> Exercise description
Each line from the one that holds "Bluetooth Dongle for" to the end of the records is to be retyped exactly. Pictures are not part of the copy.

> Provided records
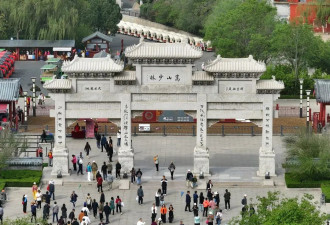 释永信翻车，关键并不在于财色破戒....
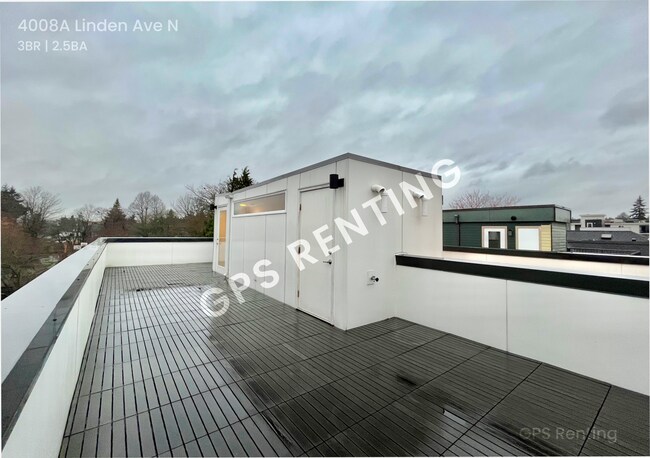 Building Photo - Beautiful 3bed 2.5 bath Home in Seattle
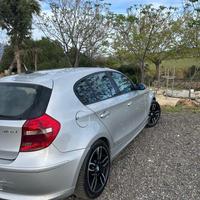 BMW serie 1 anno 2009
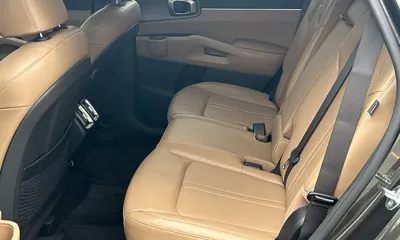 Kia Sorento 2024, 31955 км, за 17509.08 USD - фото 17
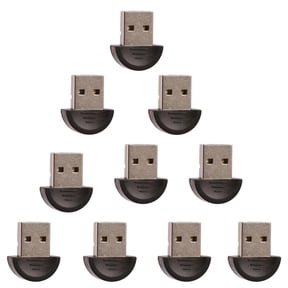 Bluetooth Dongle for VOIP Calls Seamlessly Connect to Skype for Crystal-Clear Voice Communication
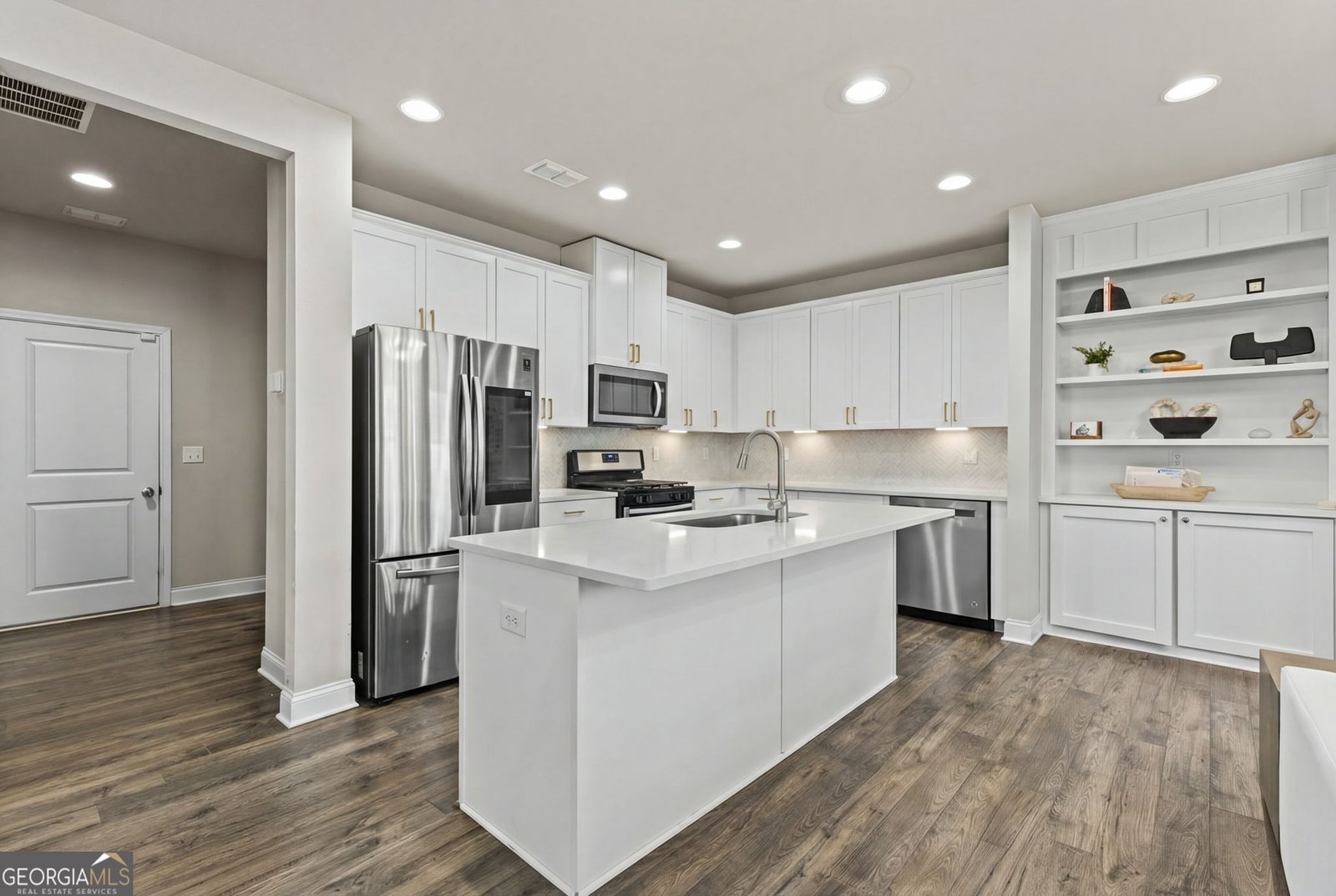 1861 Belmore Street Smyrna - Photo 11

> Output of the task
 Bluetooth Dongle for VOIP Calls Seamlessly Connect to Skype for Crystal-Clear Voice Communication
 1861 Belmore Street Smyrna - Photo 11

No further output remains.